To return to the positive side of Iraq, the Iraqi Government’s task is to build on that progress and make the most of the opportunities, ensuring that Iraq’s economy is booming, and that that translates into a better life for normal people throughout the country. Improving the country’s security, which has been fully under Iraqi control for 18 months, is vital, but the Iraqi Prime Minister and other political leaders need to find an inclusive political process to resolve the underlying tensions that, I acknowledge, remain, and therefore to reduce the space within which the extremists operate. In that context, I welcome the holding of last Sunday’s Cabinet meeting in Irbil, which I hope sends a signal of serious intent to improve relations between the Federal Government and that of the Kurdistan region.

No doubt many hon. Members will want to raise Iraq’s relations with the region. Increasingly, Iraq has been making progress on rebuilding its relationships with countries that were once adversaries. I was particularly pleased to note that the Kuwaiti Prime Minister met Prime Minister Maliki in Baghdad only yesterday. That is another sign of the increasing warmth of relations in the region.

The UK will continue to support Iraq as it faces those challenges. Indeed, the relationship between our countries is increasingly strong. That is true at the Government level. Four UK Ministers including myself have visited Iraq in the past nine months. We visited not only Baghdad, but Irbil and Basra—my right hon. Friend Lord Green, the Minister for Trade and Investment, visited Basra. We have relationships in the Defence Ministries—a meeting took place in London only this morning. I can assure the House that UK Ministers press the Iraqi Government and Ministers on a range of issues, including their plans to improve security.

Our relationship is strongly increasing on a commercial level. Exports were up significantly, and not only in the hydrocarbon sector. There are opportunities in sectors such as education, health care, infrastructure and financial services. The UK Government are doing what we can to help. For example, when the Foreign Secretary was in Iraq in September, he agreed we should set up a UK-Iraq ministerial trade council, which was launched in February by my colleague, the Under-Secretary of State for Foreign and Commonwealth Affairs, my hon. Friend the Member for North East Bedfordshire (Alistair Burt), who has responsibility for the middle east.

We have opened a new visa application centre in Baghdad, and encouraged Iraqi Airways to schedule direct flights from London to Baghdad for the first time in more than two decades, which it has done. All of that will help to cement the closer ties between the UK and Iraq at individual level. Hon. Members will be aware of the large and significant Iraqi diaspora in the UK. Iraqi students are keen to study here, and we are even beginning to see British tourists return to the Kurdistan region.
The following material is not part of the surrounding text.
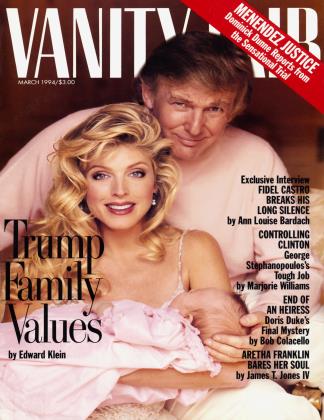 March 1994 | Vanity Fair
Many other hon. Members wish to speak, so I shall draw my remarks to a conclusion. I hope those links continue to strengthen. It is right for us to look forward to the future of Iraq even as we look back on the events of 10 years ago. As I have said, the Government have not come to a conclusion and will not comment until we see Sir John Chilcot’s inquiry.

Mark Pritchard Portrait Mark Pritchard (The Wrekin) (Con)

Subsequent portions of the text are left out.